━━ EXTRACTED RECORDS ━━
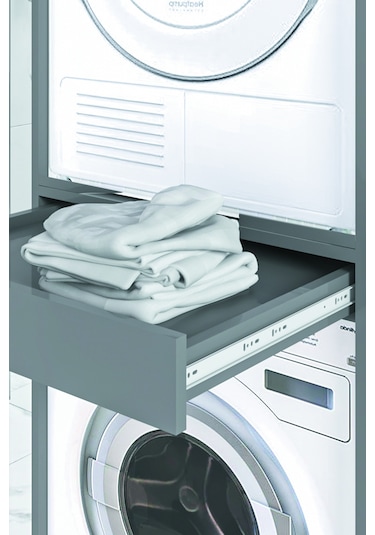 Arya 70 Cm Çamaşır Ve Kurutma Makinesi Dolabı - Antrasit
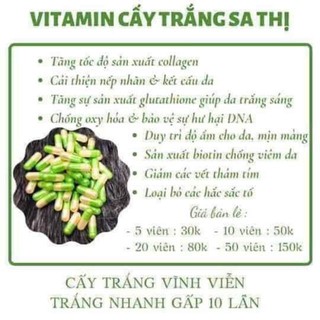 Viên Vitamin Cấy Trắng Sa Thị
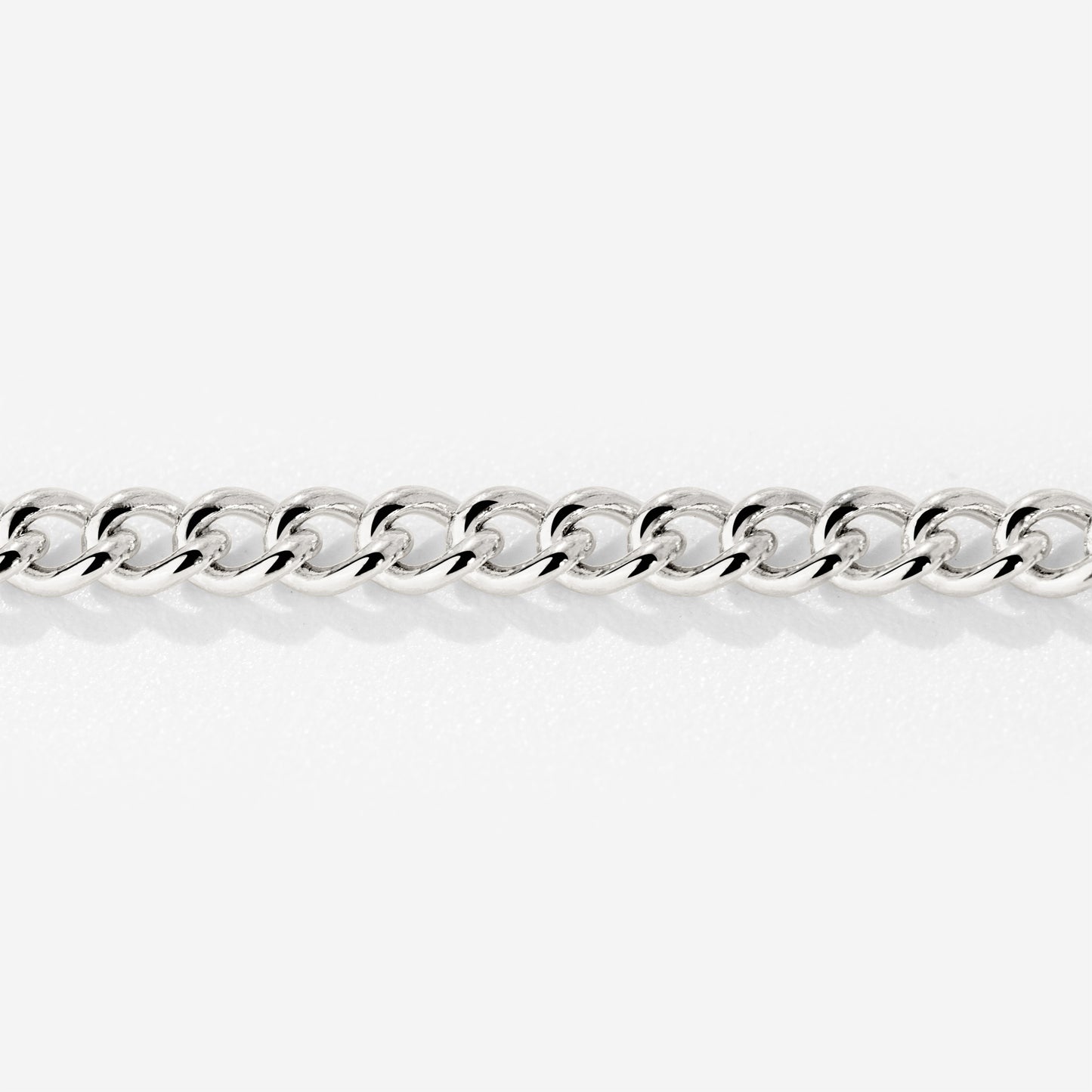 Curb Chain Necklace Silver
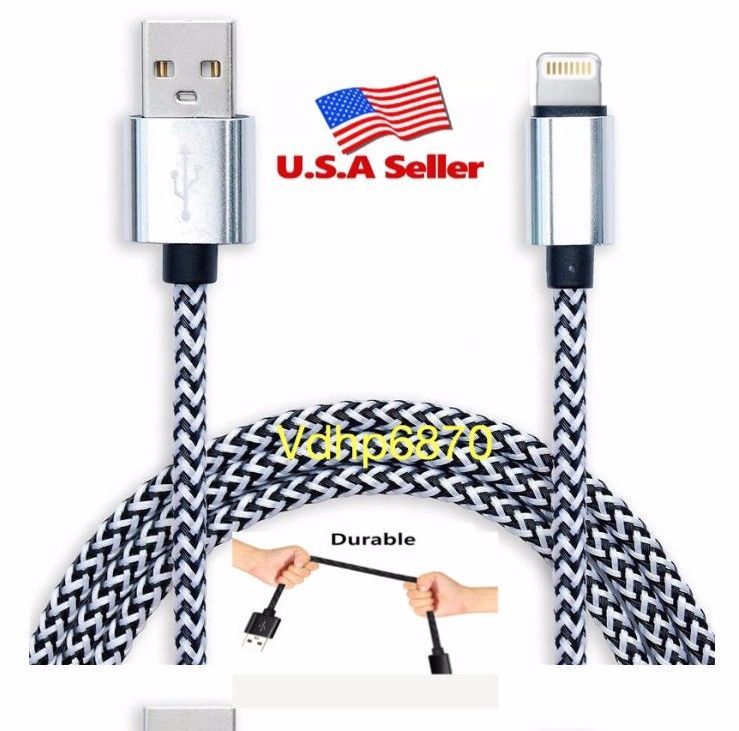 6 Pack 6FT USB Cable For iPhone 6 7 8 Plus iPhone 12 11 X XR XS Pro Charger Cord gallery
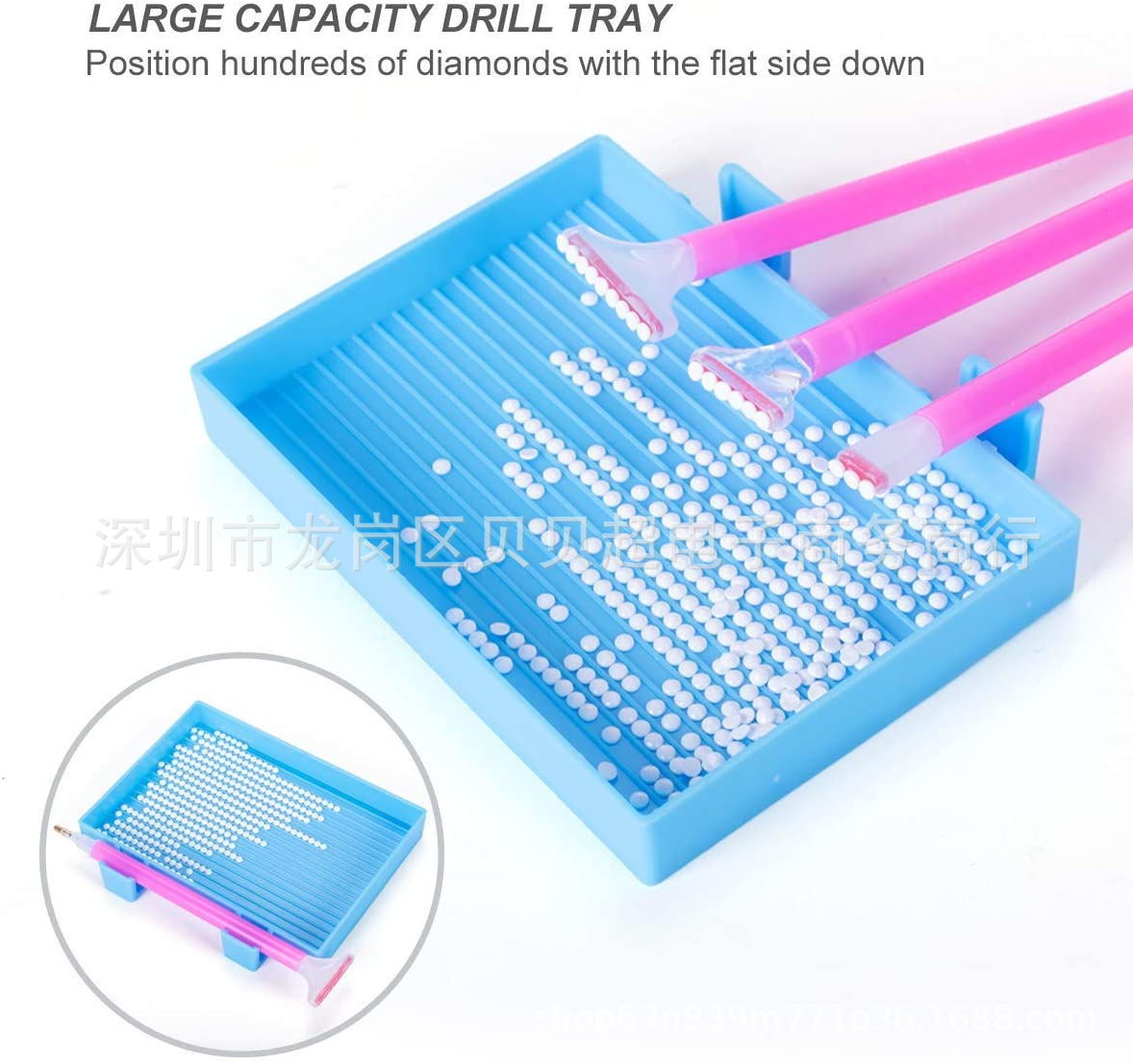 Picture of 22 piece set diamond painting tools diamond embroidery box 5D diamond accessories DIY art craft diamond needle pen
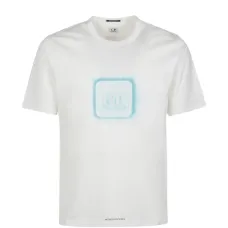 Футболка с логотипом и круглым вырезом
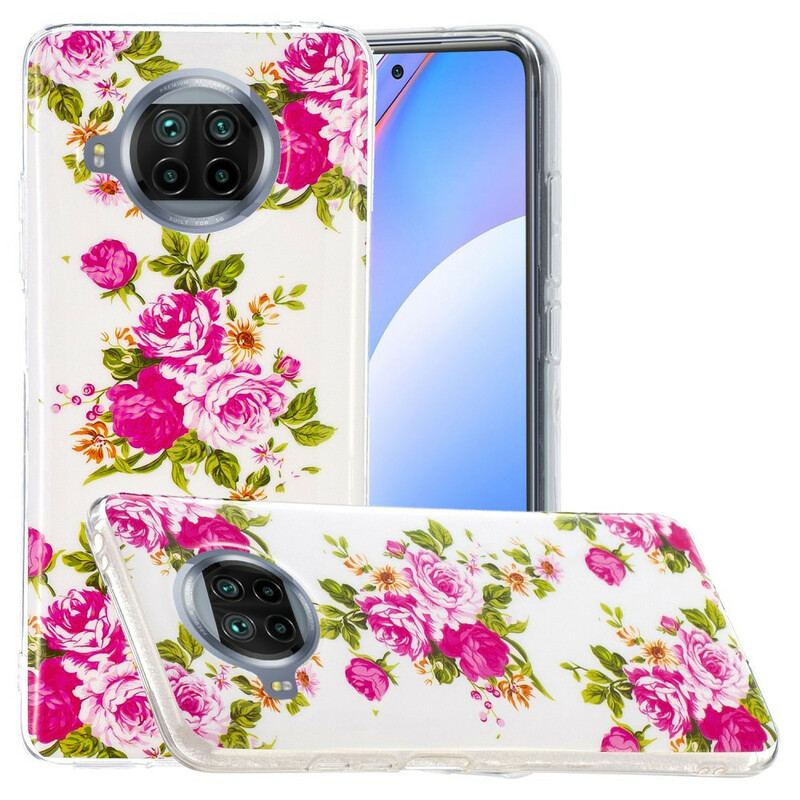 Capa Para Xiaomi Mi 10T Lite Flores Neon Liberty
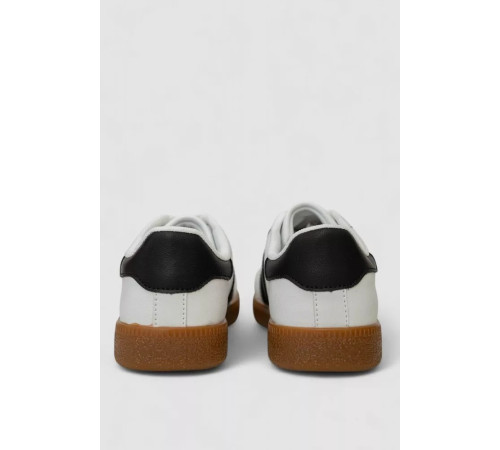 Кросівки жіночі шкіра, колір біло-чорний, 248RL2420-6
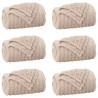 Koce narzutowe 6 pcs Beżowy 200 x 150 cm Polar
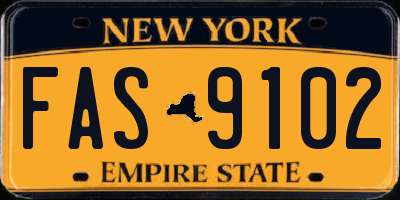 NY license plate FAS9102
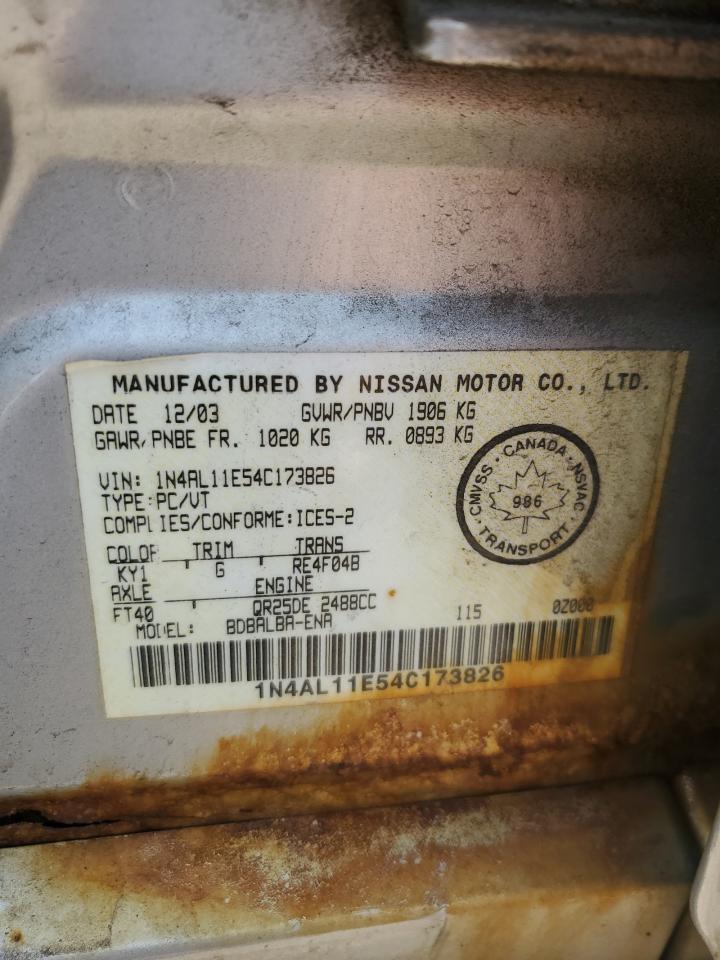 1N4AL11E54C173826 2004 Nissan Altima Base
━━━
# EXERCISE AIM:
Copy out all of the material exactly as written, without its pictures.

# OUTPUT BELOW:
 Arya 70 Cm Çamaşır Ve Kurutma Makinesi Dolabı - Antrasit
 Viên Vitamin Cấy Trắng Sa Thị
 Curb Chain Necklace Silver
 6 Pack 6FT USB Cable For iPhone 6 7 8 Plus iPhone 12 11 X XR XS Pro Charger Cord gallery
 Picture of 22 piece set diamond painting tools diamond embroidery box 5D diamond accessories DIY art craft diamond needle pen
 Футболка с логотипом и круглым вырезом
 Capa Para Xiaomi Mi 10T Lite Flores Neon Liberty
 Кросівки жіночі шкіра, колір біло-чорний, 248RL2420-6
 Koce narzutowe 6 pcs Beżowy 200 x 150 cm Polar
 NY license plate FAS9102
 1N4AL11E54C173826 2004 Nissan Altima Base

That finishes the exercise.